Definition
In the affective domain of learning, the fourth level at which a learner brings together different values, resolves conflicts between them, and begins building an internally consistent value system that guides behavior. At this level, the learner has accepted certain values as personally important and starts arranging them into a coherent set of priorities.
Plain English
The stage where a student takes the values they have accepted and starts fitting them together into a personal set of priorities they can actually live by. They sort out which values matter most when two of them pull in different directions.
Context Anchor
Seen in instructor training when discussing how students develop attitudes, priorities, and judgment, not just knowledge or skill.
Derivation
From the Latin organum, meaning 'instrument' or 'tool,' later extended to mean arranging parts so they work together as a whole. In this learning context, it refers to arranging values into a working internal system.
Why Pilots Care
Aviation involves competing priorities all the time -- schedule versus safety, passenger comfort versus fuel reserves, get-there pressure versus weather minimums.
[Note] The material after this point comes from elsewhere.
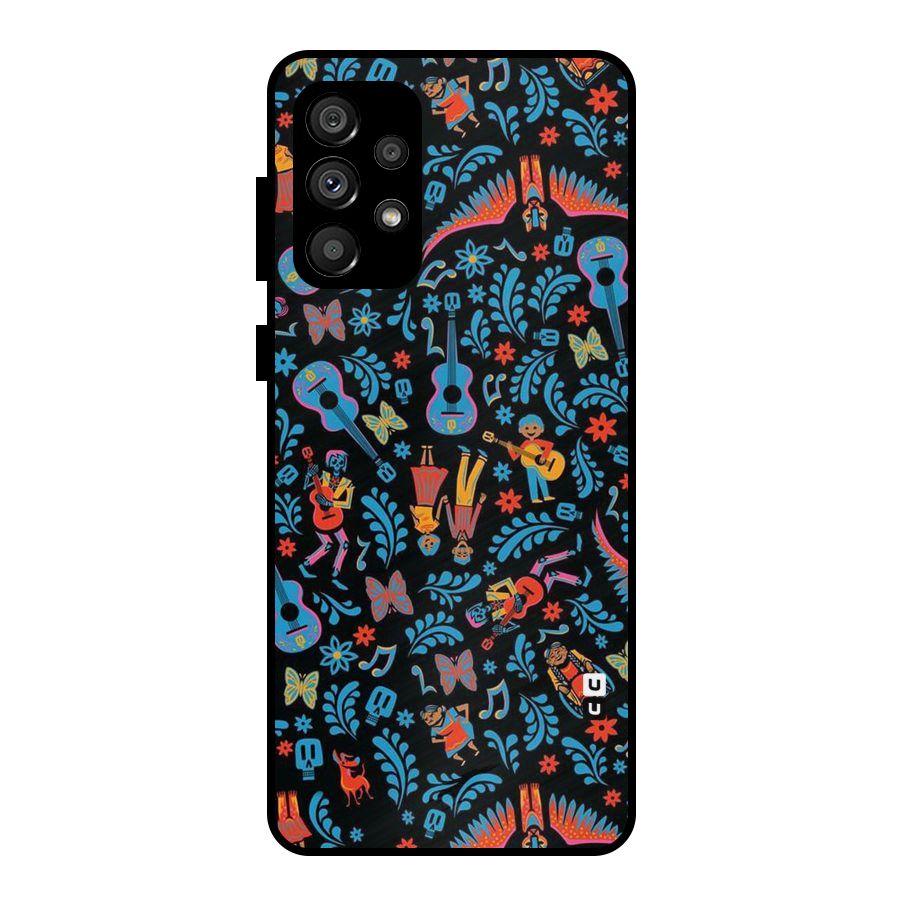 Blue Guitar Pattern Metal Back Case for Galaxy A73 5G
A pilot who has reached the organizing level has already worked out how those values rank against each other, so the right call comes more naturally under pressure.
Intuition Check
Organizing does not mean tidying supplies or making a schedule here. It means arranging values and priorities in the student’s mind so they guide decisions.
Example Sentence 1
When a student begins choosing safety over convenience without being prompted, they are showing signs of organizing in the affective domain.
Example Sentence 2
At the organizing level, the pilot reconciled the value of on-time performance with the value of completing a full preflight inspection.